Since 2002 we have averaged 9% per year on our equities, both ETFs and Dividend Champs. In the ‘90s we probably did better, but I don’t really have any solid evidence to back that assertion.
Our conservatism in 2007 also meant de-risking with a good dollop of plain old vanilla GICs and MICs (Mortgage Investment Corps), which MICs have varying degrees of risk, but are largely uncorrelated to stock markets. At retirement, my wife and I each had seven figure nest-eggs, including her pension. We’re very fortunate.
I’m a fan of dividend paying stocks and low-cost ETFs for my portfolio. What flaws do you see in my approach?
None really, except that I would counsel taking on some income generators like GICs and perhaps MICs, especially in retirement. Some wise investors remember the 1960s, and especially 1970s, when stock markets were poor for a long time. Personally, I will hate bonds and bond funds until interest rates “normalize”.
My advice to readers is if you have kids, start a family RESP. If you have a disabled person in your life, use an RDSP.
If you have the time, you might also consider autumn abstinence like my “October Strategy”. But how I invest is not for everyone. In fact, there are risks involved and it’s suitable only if you have the time, and a sufficient nest egg not to worry about transaction costs.
What’s going to keep Dale busy in retirement?
Well, I work 5-10% of a full load as a lawyer. That, and my newsletter (and handling investments for my extended family and friends) takes up few dozen hours per year. I started a blog some years ago (thanks for the link below Mark) but I found that yours was filling the niche to which I would have aspired. My blog became an investment and personal finance manual per se.
Since my “retirement” I took on the volunteer chair role at the Airdrie Community Foundation and became president of my local Rotary Club. I’m also part of a volunteer program with Rotary and Inclusion Alberta which finds jobs for, and mentors cognitively challenged adults. I play in two amateurish rock’n roll bands, curl twice a week, play rec hockey, senior slo-pitch, and am an avid (but mid-handicap) golfer, and lake nut near my original home town in Saskatchewan.
Now that we have some time and money, we plan to continue short sun vacations to Mexico and Phoenix in the winters, summer vacations at the lake, and possible partial snow-birding, when our daughter becomes more independent.
In terms of investing, I’ll consider getting even more conservative as I get older.
Back to you, keep up the good work; I try never to miss your Friday round-up. The single best investment? Education in personal finance, for which your blog can continue to play a significant role. Well done Mark.
Kind words and high praise indeed! Dale has done very well for himself and I only wish him and his family the best. Visit Dale’s site over at:
…to see that manual he speaks about above and learn more about his passion for investing.
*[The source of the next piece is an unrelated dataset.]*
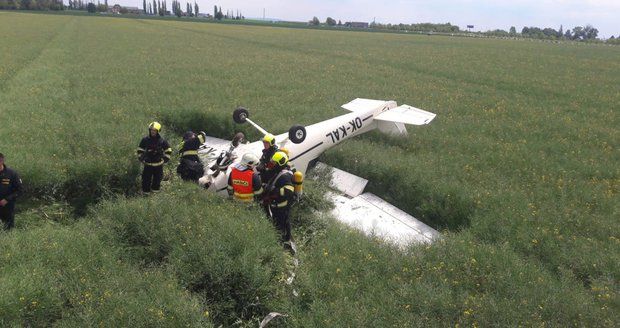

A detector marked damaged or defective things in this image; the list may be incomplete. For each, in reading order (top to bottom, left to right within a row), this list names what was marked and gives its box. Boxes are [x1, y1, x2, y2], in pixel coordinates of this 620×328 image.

Thanks to Dale for this extensive post. What’s your take? Got questions for Dale? Fire away.
You can find more retirement essays from folks that have successfully “been there, done that” on this Retirement page here.
Great read gentlemen thank you. I will head over to Dales site shortly. His unique investing style has done very well for him but I’m wondering in retrospect would he have started in DG investing prior to 2007, knowing what he knows now?
Thanks for reading Chuck. I thought Dale’s journey was good and interesting too!